Clayhanger
Clayhanger
1910
"Edwin
Clayhanger stood on the steep-sloping, red-bricked canal bridge, in the
valley between Bursley and its suburb Hillport. In that neighbourhood the
Knype and Mersey canal formed the western boundary of the industrialism of
the Five Towns.
To the east
rose pitheads, chimneys, and kilns, tier above tier, dim in their own
mists.
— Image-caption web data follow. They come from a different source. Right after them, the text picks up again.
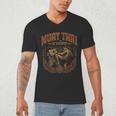 Muay Thai Vintage Thai Boxing Warrior Art Of 8 Limbs Men's V-Neck T-Shirt
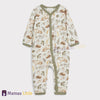 NEWB Monstret Jungle Organic Cotton Full Length Bodysuit Jumpsuit 10970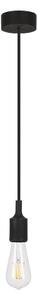 Rabalux 1412 - Lampada a sospensione ROXY E27/40W nero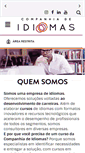 Mobile Screenshot of companhiadeidiomas.com.br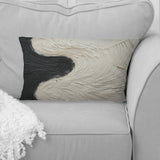 Minimalism Black And White Paint Reunion - Coastal Throw Pillow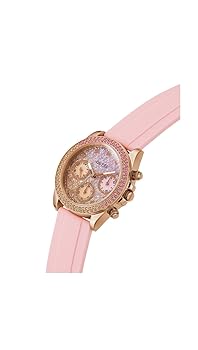 Amazon | GUESS レディース 38mm 腕時計 - ピンクストラップ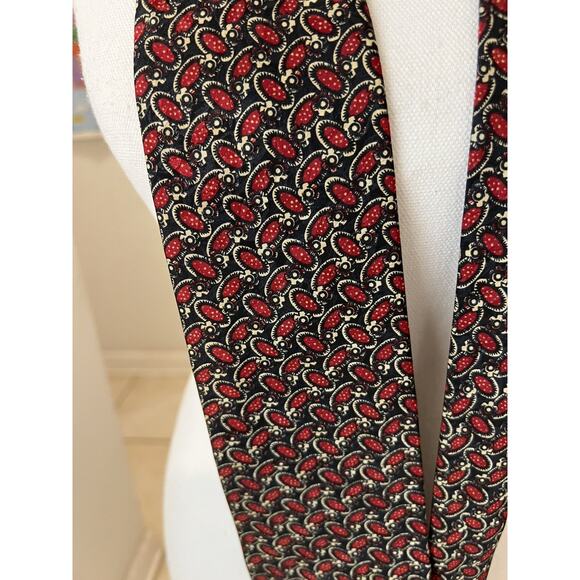 Christian Dior Red Blue Men’s Tie Made In USA - Picture 1 of 4
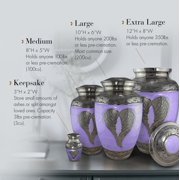 Purple Loving Angel Urns for Cremation Ashes Large Urn XL or Small Keepsake Urns for Adult Cremation Ashes & Urns for Human Ashes for Home or Burial Cremation Urns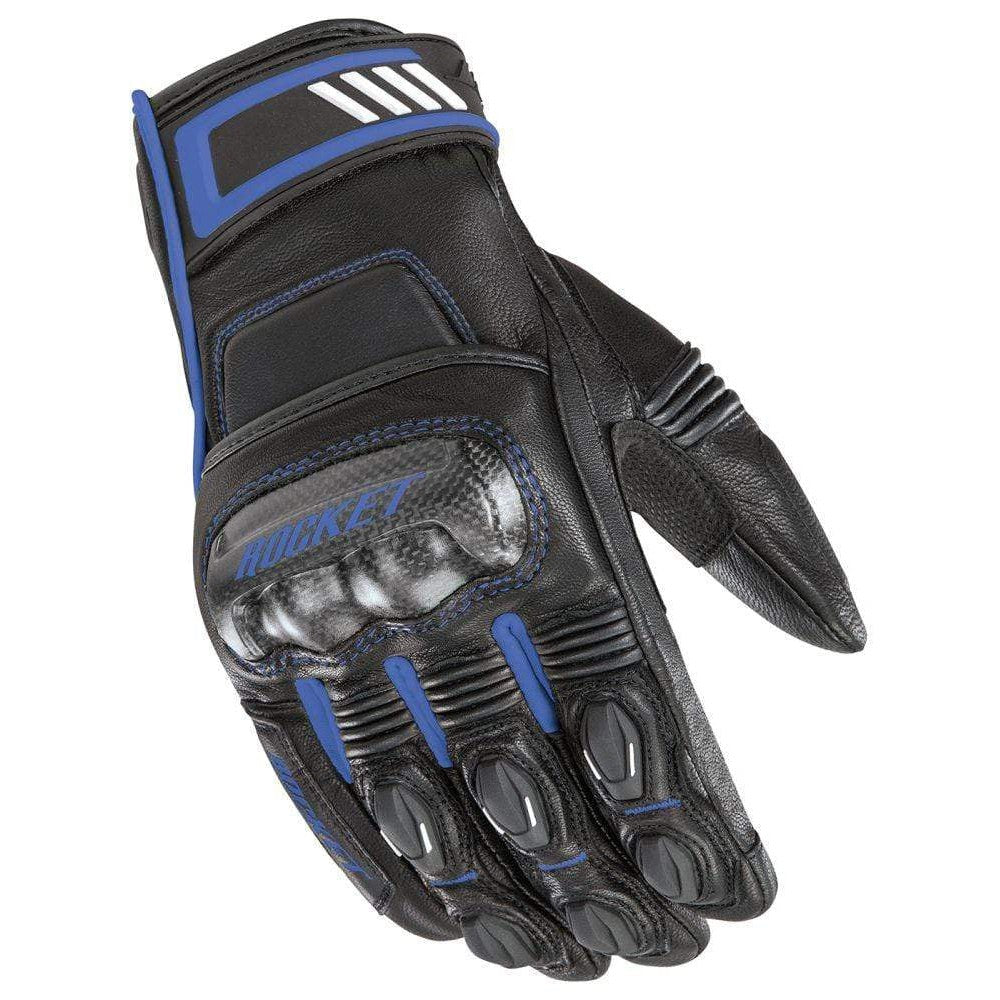 Joe Rocket Apparel Mens / Black / Blue / 2XL Joe Rocket Highside Gloves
To the west, Hillport Fields, grimed but possessing authentic
hedgerows and winding paths, mounted broadly up to the sharp ridge on
which stood Hillport Church, a landmark.
Beyond the
ridge, and partly protected by it from the driving smoke of the Five
Towns, lay the fine and ancient Tory borough of Oldcastle..."
In this, the first volume of an
ambitious trilogy intending to trace the parallel lives of a man and
woman from youth to marriage and from marriage to old age, Bennett
introduces the character of Edwin Clayhanger.
A sober portrait of a boy growing
up under a tyrannical father contrasts with young Edwins glimpses of
the mysterious and tantalizing Hilda Lessways.
As the lives of these two
characters unfold before us, Bennett uses autobiographical detail to
beautifully depict the constraints and spiritual adventures of young
life in the Potteries.
Edwin's father Darius supported his extremely poor family even during his early childhood, and rose to become one of the key men in the "Five Towns".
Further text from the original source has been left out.